Aegina’s latest gold find looks instantly legible to a modern eye: eight two-sided disc pendants, a single gold disc, seven biconical beads and sheets of gold leaf, all small enough to read like the blueprint for a necklace that still feels current. The 32-item cache surfaced at Kolona, on the island’s northwestern side near the modern harbor and town, inside the ruins of a large stone-built structure close to a wall that once guarded the settlement’s inner zone.
The Greek Ministry of Culture announced the discovery after the 2025 excavation season, and the date range places the pieces in the first half of the second millennium BCE. Archaeologists think the objects may have formed a necklace or pendant assemblage, a composition that would have moved with the body rather than sitting static in a tomb or hoard. That matters because the design language is familiar: circular pendants still anchor charm necklaces today, while biconical beads survive in everything from gold bead strands to carefully spaced layering pieces. The seven round carnelian beads add the same contrast contemporary jewelers still use when they want warmth against yellow gold.

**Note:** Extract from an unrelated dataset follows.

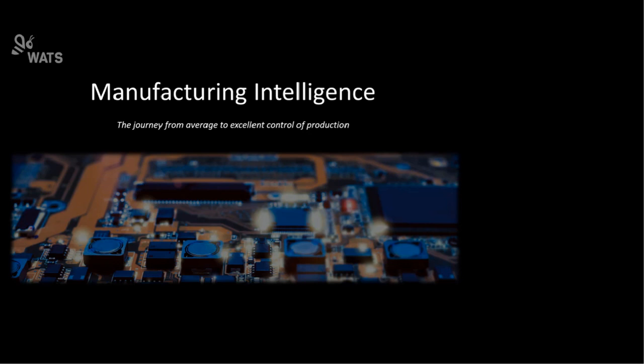Hello everyone and a very warm welcome to today's webinar with Varenco, Manufacturing Intelligence, Test Data Analysis and Collaboration in the Electronics Industry.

The excavation is being led by the University of Salzburg, working through the Austrian Archaeological Institute in Athens, under Professor Alexander Sokolicek and supervision from the Ephorate of Antiquities of Piraeus and the Islands. The pieces were found exceptionally well preserved, and their condition raises the stakes of the find. Gold leaf sheets suggest a taste for surface shimmer and lightness, a technique that still appears in today’s fine jewelry as textured foil-like detailing, layered finishes, and delicate appliqué rather than heavy mass. The pendants themselves, especially the two-sided discs, read like early medallions, an ancestor to the coin charms and talismanic drops that remain a fixture of gold jewelry counters.

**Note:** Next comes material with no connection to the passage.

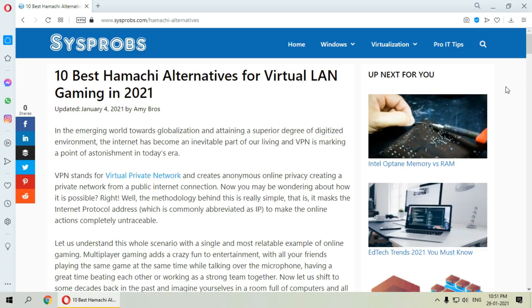Hello everyone, welcome to SysProbs. Today we are going to discuss 10 best Hamachi alternatives for virtual LAN gaming in 2021.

Kolona’s long occupation gives the cache even more weight. The hill has been a prehistoric settlement, later a sanctuary, an acropolis, and a Byzantine settlement, which means this is not an isolated pocket of wealth but part of a place repeatedly remade over centuries. The pendants have also been compared with pieces from the so-called Aegina Treasure, a prehistoric jewelry collection now in the British Museum since 1892. That comparison gives the new discovery a sharper edge: the island’s gold tradition was never just decorative, but a language of status, identity, and trade that still speaks through the same forms today.